Zuid-Limburgsche problemen. Rapport aan Regeering en Staten-Generaal, uitgebracht door de Kamer van Koophandel en Fabrieken voor het district Maastricht en omstreken; Maastricht, 1929.
‘Dit rapport bedoelt in hoofdzaak te wezen een weergave van wat er aan verlangens, hoop en beduchtheid leeft in kringen van handel en nijverheid in ons district’.
Het heeft op loffelijke wijze deze bedoeling verwezenlijkt.
Het stelde zich tevens tot taak, de redelijkheid te betoogen van de stelling, ‘dat onze stad, voor de offers die ze brengt wegens haar excentrieke ligging, de compensaties (moet ontvangen) die redelijkerwijze gegeven kunnen worden’.
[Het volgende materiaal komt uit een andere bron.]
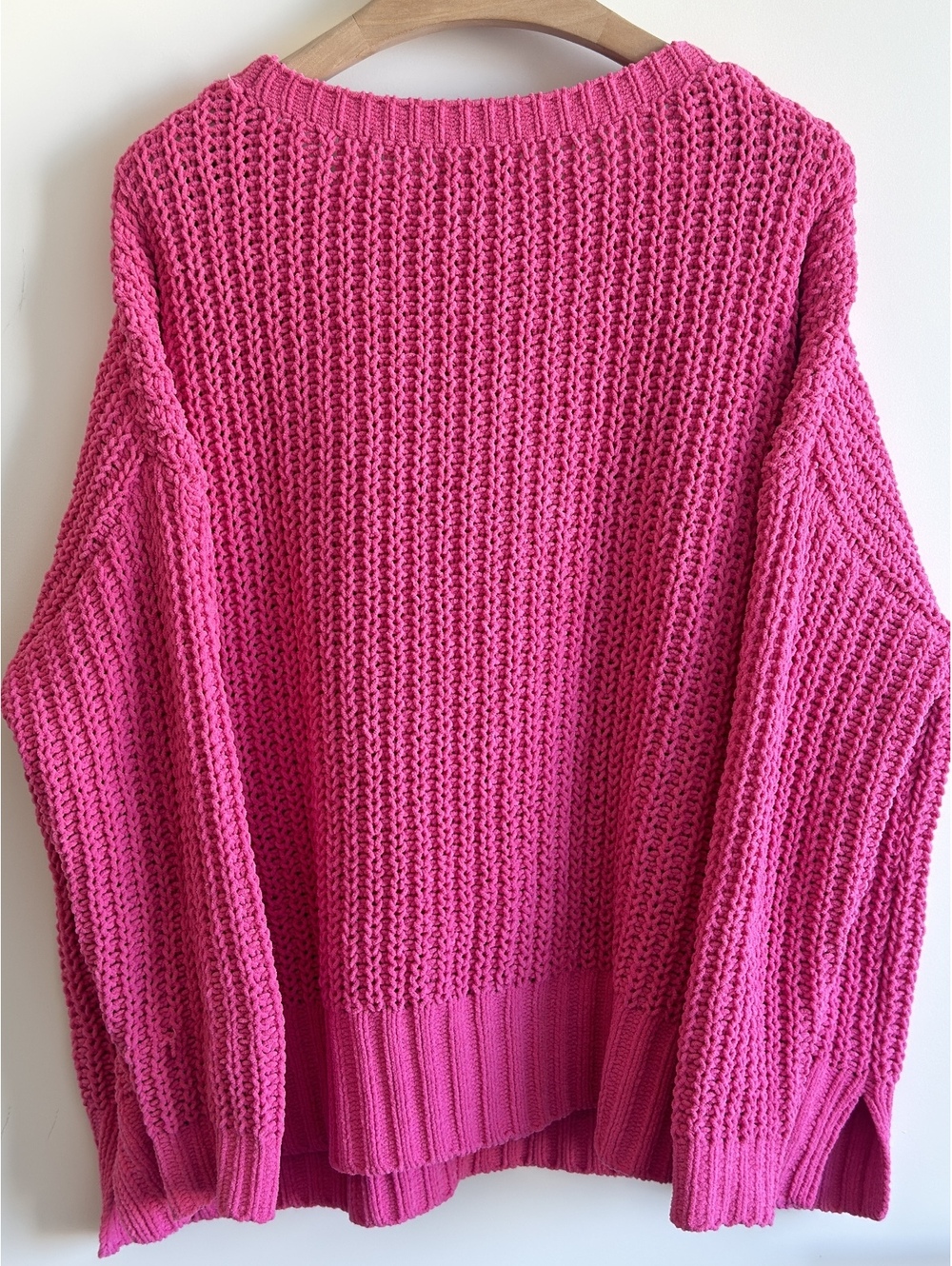 American Eagle Oversized Chenille Crewneck Sweater Hot Pink Chunky Knit Size M - Picture 6 of 9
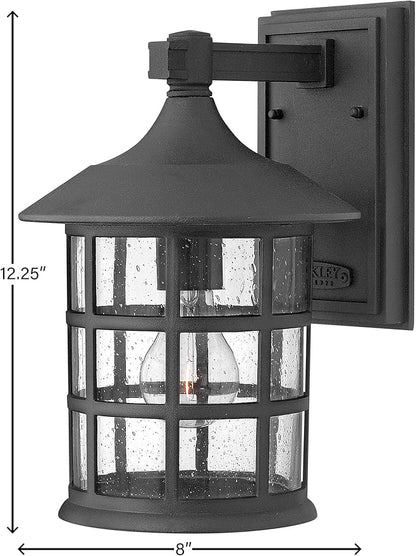 Hinkley Freeport 1804BK Small Outdoor Wall Mount Lantern - New England Design, Cast Aluminum, Clear Seedy Glass - Black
Ook deze stelling heeft het zeer aannemelijk gemaakt.
Men kan twisten over onderdeelen. Ook over dingen van grooter aanbelang, als de (zeer zwak gedocumenteerde) voorkeur der rapporteurs voor wederkeerigheid in handelspolitiek.
Maar om te kunnen twisten, of, beter en vriendelijker gezegd, om te kunnen samen-praten over al deze onderdeelen, moet men een gemeenschappelijk uitgangspunt bezitten.
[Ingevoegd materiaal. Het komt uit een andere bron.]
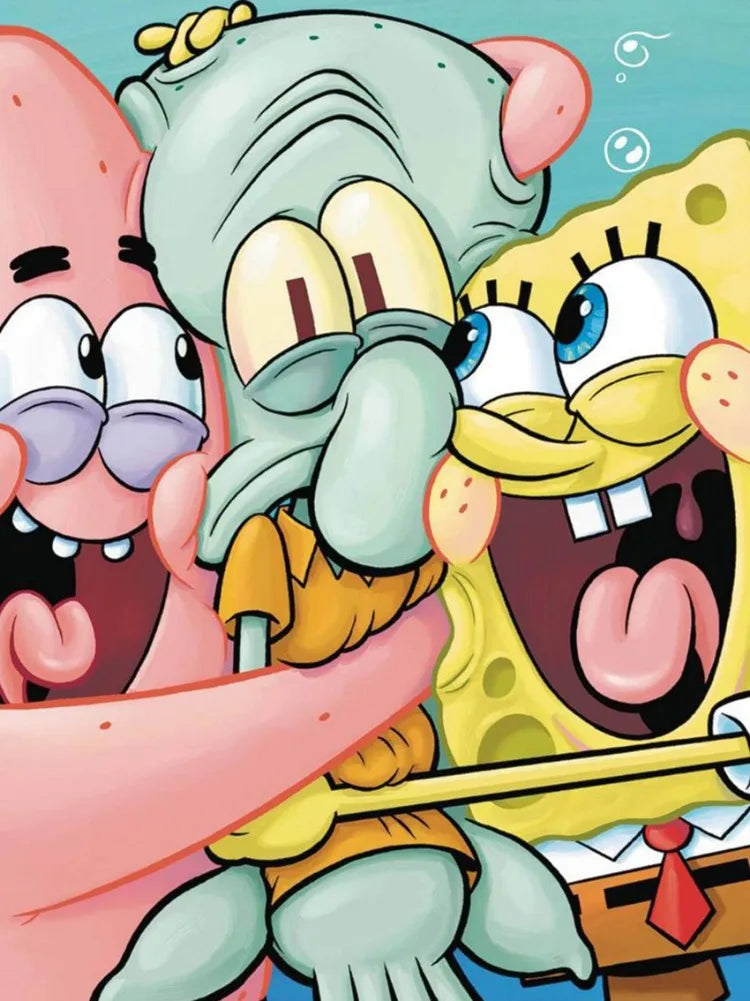 A colorful illustration featuring characters from SpongeBob SquarePants in a diamond painting style.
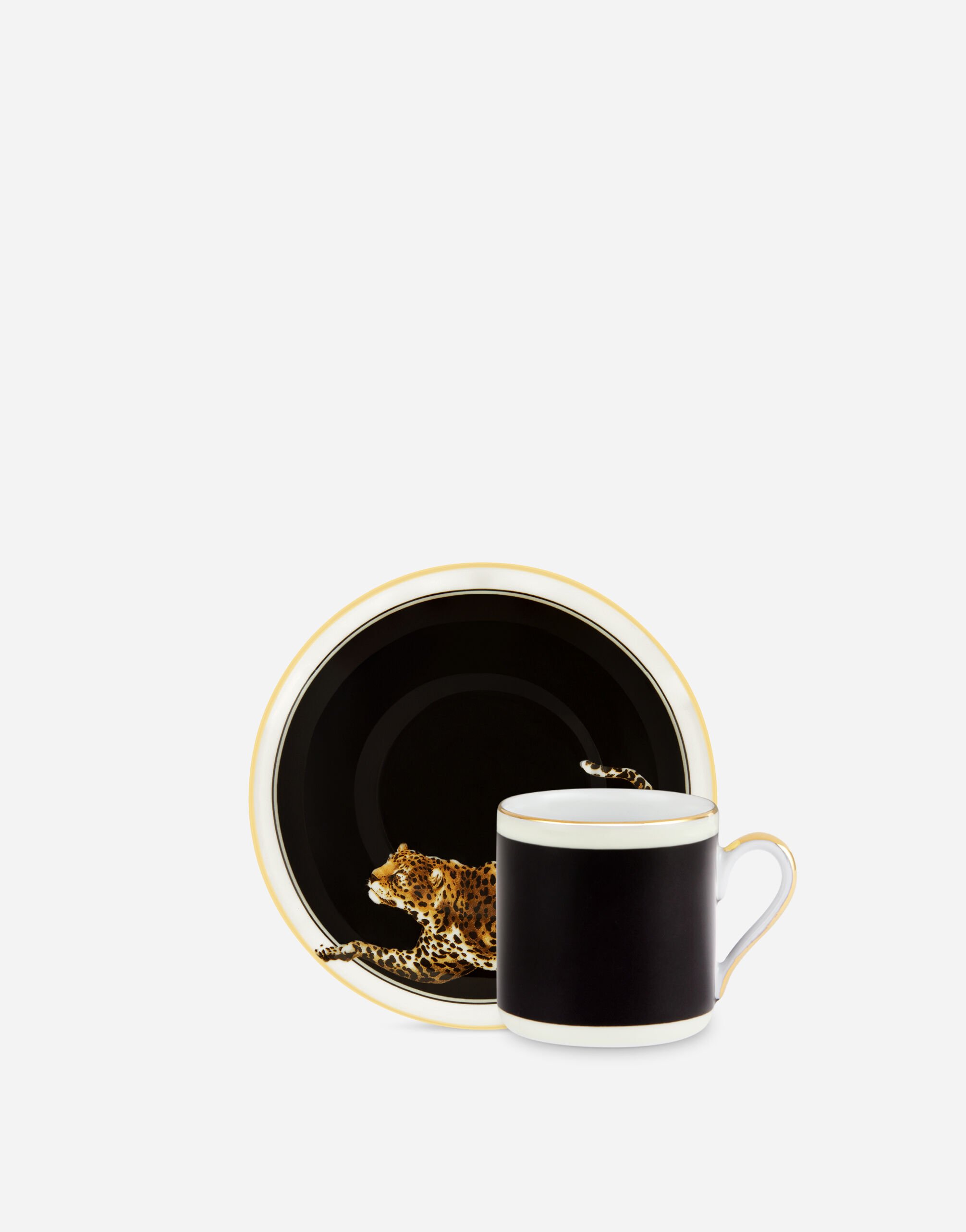 Dolce & Gabbana Espressotasse mit Untertasse aus Porzellan Mehrfarbig TC0S08TCAK3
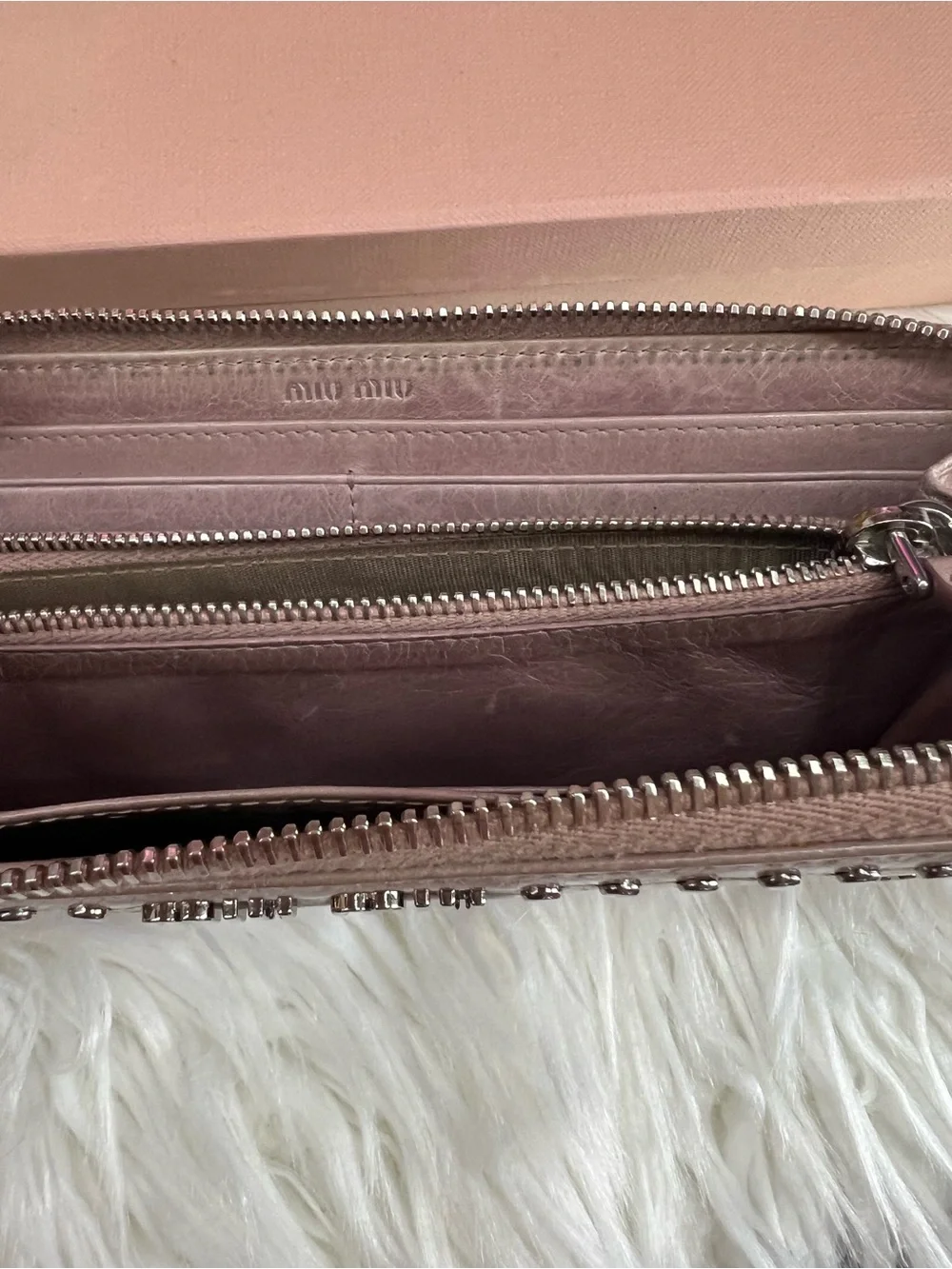 Miu Miu Pink Studded Leather Zip Wallet with Heart Charm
De bizondere verdienste nu van dit rapport is, dat het dit uitgangspunt scherp en nauwkeurig heeft gesteld. Het is de inderdaad hoogst eigenaardige ligging der limburgsche hoofdstad, die, waren de belgischnederlandsche, de duitsch-nederlandsche en de belgisch-duitsche grenzen niet eromheen gevlochten, pracht van een middenpunt en knooppunt
zou zijn van een van industrieele mogelijkheden overrijk gebied, een van nature gegeven economisch-geografische eenheid, die echter uit politieke oorzaken in drieën is uiteengevallen.
De stellers van het rapport hebben schoon gelijk met te zeggen, dat Zuid-Limburg lijdt onder dezen toestand, dat het lijdt mede ten bate van Nederland en dat het hieraan aanspraken op tegemoetkoming ontleent.
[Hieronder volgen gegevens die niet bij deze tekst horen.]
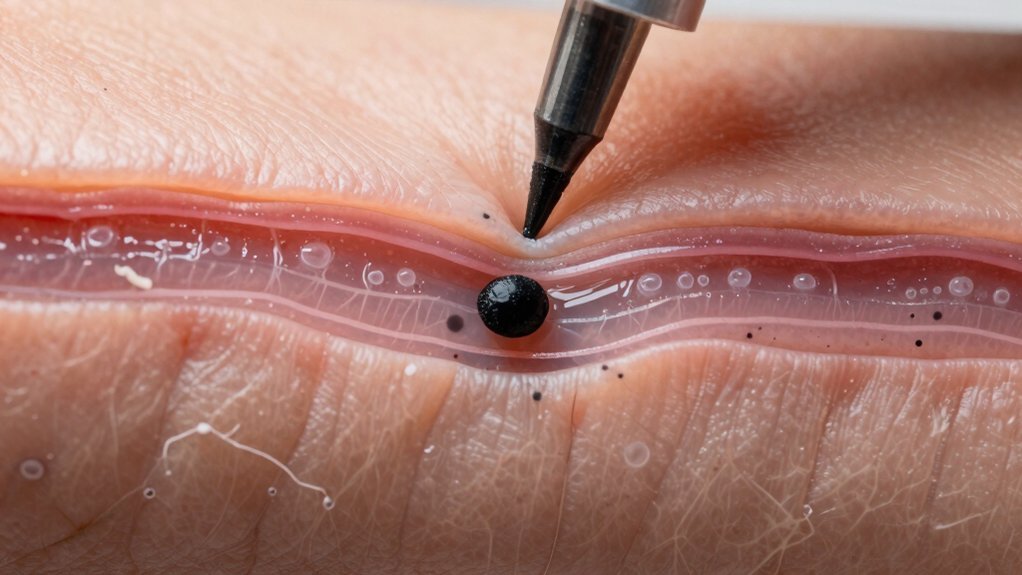 penetrate dermis 1 5 2 mm depth
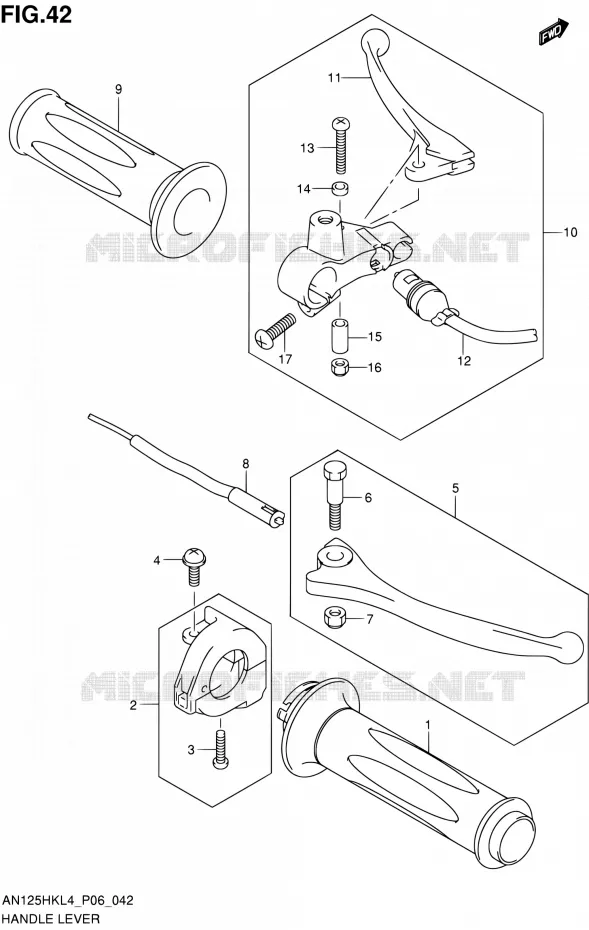 HANDGRIPS - LEVERS  Suzuki SCOOTER 125 BURGMAN 2014  AN125HK L4 (P06)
Met dit gemeenschappelijk uitgangspunt als gemeene basis voor overleg laat zich verder praten. Over Zuid-Limburg's ‘verlangens, hoop en beduchtheid’; we ontleden en bespreken ze hier niet; dit zou een studie worden, die de maat der brochure zelve zou te boven gaan. Maar wel mag dit ervan worden gezegd, dat de uiteenzetting in het verslag der maastrichtsche Kamer dezelfde goede eigenschappen van bondigheid en klaarheid toont, die heel het verslag sieren.
Met dit stuk heeft Zuid-Limburg, zien wij wèl, een flinken stap gedaan in de richting van het accoord met de rest des lands, waarnaar wij allen hebben te hunkeren.
v.B.
Bronnen tot de geschiedenis van het bedrijfsleven en het gildewezen van Amsterdam, uitgegeven door dr. J.G. van Dillen; eerste deel, 1512-1611; Rijks-Geschiedkundige Publicaties 69, 's Gravenhage, Martinus Nijhoff, 1929.
Niet nu voor het eerst trekt deze archiefstof de aandacht.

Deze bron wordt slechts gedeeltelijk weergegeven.